Il ceppo di un albero che arde lentamente in un caminetto televisivo è un regalo finto che mi concedo spesso. Non ha lo stesso sentore affumicato e pungente di quello che accendeva mio nonno quando trascorrevamo le feste in montagna, né è in grado di imprimere sul volto la patina calda e arrossata delle costanti vampate a cui ci si espone rimanendo a osservare le fiamme che divorano il legname, ma almeno posso rievocarlo quando voglio, mentre mio nonno e la casa in montagna no. Quel legno è arso per sempre.
Anche i video con ambientazioni accoglienti e musica strumentale sullo sfondo diventano parte del mio paesaggio quotidiano non appena le giornate iniziano ad accorciarsi. D’altronde davanti al mio palazzo c’è solo un altro palazzo, per questo ogni anno scelgo di trasformare lo schermo della mia televisione in una finestra affacciata su un Central Park innevato di una neve fittizia e incantevole, o sull’animazione in loop di un piccolo bistrot delicatamente illuminato dai raggi del sole invernale che trapelano da una vetrata, fondendosi con il vapore esalato da tazze ricolme di liquidi fumanti su tavoli di legno in attesa dei propri avventori. Gli avventori non arriveranno mai, perché le tazze non sono per nessuno. Sono per l’atmosfera.
Molti di questi video traggono le proprie ambientazioni da luoghi che preesistono nell’immaginario audiovisivo, come le abitazioni confortevoli di Animal Crossing o i villaggi sgranati e geometrici di Minecraft. Ci sono anche lunghe animazioni che ritraggono momenti di una quotidianità immaginaria nelle sale comuni di Hogwarts e tra le suggestive stradine di Hogsmeade, ma su quelle riesco a soffermarmi solo per pochi minuti, prima che una penetrante fitta al costato mi sorprenda con dolore, costringendomi a volgere lo sguardo verso qualcosa di meno reale di quella precisa finzione.
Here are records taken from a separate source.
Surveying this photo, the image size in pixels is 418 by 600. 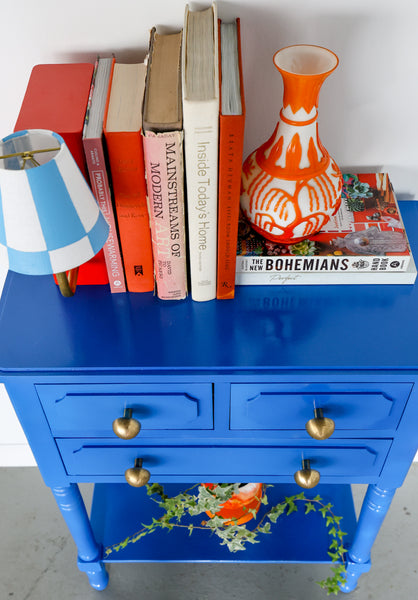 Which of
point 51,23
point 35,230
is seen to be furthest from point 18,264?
point 51,23

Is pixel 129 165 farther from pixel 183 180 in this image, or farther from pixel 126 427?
pixel 126 427

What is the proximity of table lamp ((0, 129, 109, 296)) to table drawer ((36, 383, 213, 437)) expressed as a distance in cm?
23

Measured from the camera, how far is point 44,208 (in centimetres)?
69

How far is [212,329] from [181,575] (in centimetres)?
93

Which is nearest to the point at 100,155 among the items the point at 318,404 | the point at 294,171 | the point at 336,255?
the point at 294,171

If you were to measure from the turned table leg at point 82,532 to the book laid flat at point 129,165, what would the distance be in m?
0.50

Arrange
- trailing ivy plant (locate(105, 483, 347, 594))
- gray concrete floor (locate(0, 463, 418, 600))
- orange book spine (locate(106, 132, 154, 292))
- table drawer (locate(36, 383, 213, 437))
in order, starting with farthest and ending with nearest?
gray concrete floor (locate(0, 463, 418, 600)) < trailing ivy plant (locate(105, 483, 347, 594)) < table drawer (locate(36, 383, 213, 437)) < orange book spine (locate(106, 132, 154, 292))

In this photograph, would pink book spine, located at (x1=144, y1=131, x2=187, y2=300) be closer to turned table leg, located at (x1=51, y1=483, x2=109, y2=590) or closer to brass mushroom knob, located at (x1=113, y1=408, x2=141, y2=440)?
brass mushroom knob, located at (x1=113, y1=408, x2=141, y2=440)

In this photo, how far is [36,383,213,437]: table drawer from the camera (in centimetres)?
88

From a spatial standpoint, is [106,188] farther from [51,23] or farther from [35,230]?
[51,23]

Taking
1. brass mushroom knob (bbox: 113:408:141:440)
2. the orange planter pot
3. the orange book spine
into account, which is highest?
the orange book spine

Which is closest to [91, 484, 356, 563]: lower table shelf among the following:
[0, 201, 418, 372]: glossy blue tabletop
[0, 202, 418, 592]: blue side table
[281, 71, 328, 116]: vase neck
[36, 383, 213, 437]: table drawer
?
[0, 202, 418, 592]: blue side table

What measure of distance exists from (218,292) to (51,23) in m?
0.50

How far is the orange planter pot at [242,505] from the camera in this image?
4.47 feet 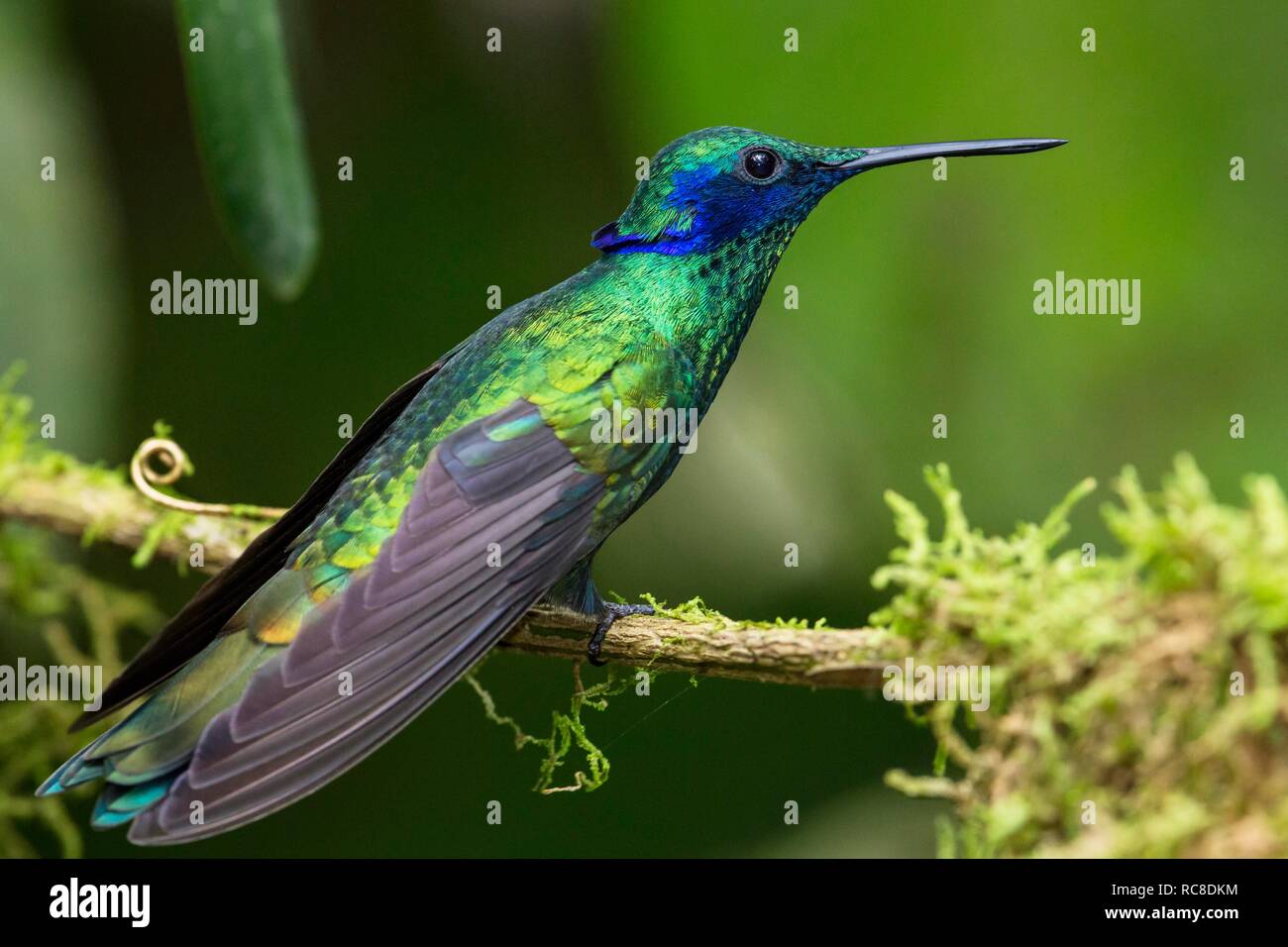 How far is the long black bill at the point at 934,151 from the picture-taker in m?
2.76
Anche quel legno è arso per sempre, solo che da un incendio diverso.
Negli ultimi mesi ho imparato a togliere la parola escapismo dal mio vocabolario, perché mi sembra che non serva a niente. La stessa cosa vale per nostalgia. Sono parole che non spiegano nulla, perché i fenomeni che cerchiamo di comprendere quando le utilizziamo sono molto più intimi e particolari di un banale tentativo di evasione dentro una realtà alternativa o un ricordo deformato del passato. Nel modo in cui abbiamo imparato a utilizzarle, almeno, non spiegano perché, ad esempio, molti di noi subiscano l’effetto contemporaneamente magico e dolente di una madeleine proustiana quando un’immagine virtuale ― sia essa fantastica o digitale ― ci colpisce con la stessa potenza di un odore familiare o di un luogo caro. O quando un certo oggetto, inserito nella realtà, crea una finzione che diventa più potente delle cose che riteniamo concrete e reali, finendo per creare un’alternativa per quella stessa realtà: sotto il nostro albero di Natale c’era davvero un profluvio di regali bellissimi; il paesino del presepe era veramente animato da piccole forme di vita nelle casine minutamente arredate; siamo davvero stati ad Hogwarts, nelle accoglienti abitazioni di Animal Crossing e nei villaggi geometrici di Minecraft, una parte di noi vive ancora lì.
Ci sono poi delle parole più complesse, e forse un po’ ingombranti, che spiegano meglio cosa succede quando i sensi incontrano la finzione finendo per creare uno spazio relazionale ed emotivo che agisce sulla realtà: non reale, ma para-reale. Nel suo manifesto del para-reale, il ricercatore e designer Cade Diehm definisce questa condizione come “uno spazio intermedio” nella società digitale. Spiega:
Between the digital realm and our physical world is a third space — hybrid, ephemeral and poorly understood. You may have encountered it recently: an uncanny or unreal sense of almost touching something in a VR scene, an impossible fatigue during a Zoom call that leaves you floating like a balloon full of lead, or an eerie unease at the accuracy of a targeted advertisement. For decades, this in-between space has influenced the digitised society unseen. We call it the Para-Real, an emotional and transformative state that emerges when the electronic and the real collide, and — just for a moment — creates a space that can only exist at the exact second where platforms and atoms operate in absolute parallel.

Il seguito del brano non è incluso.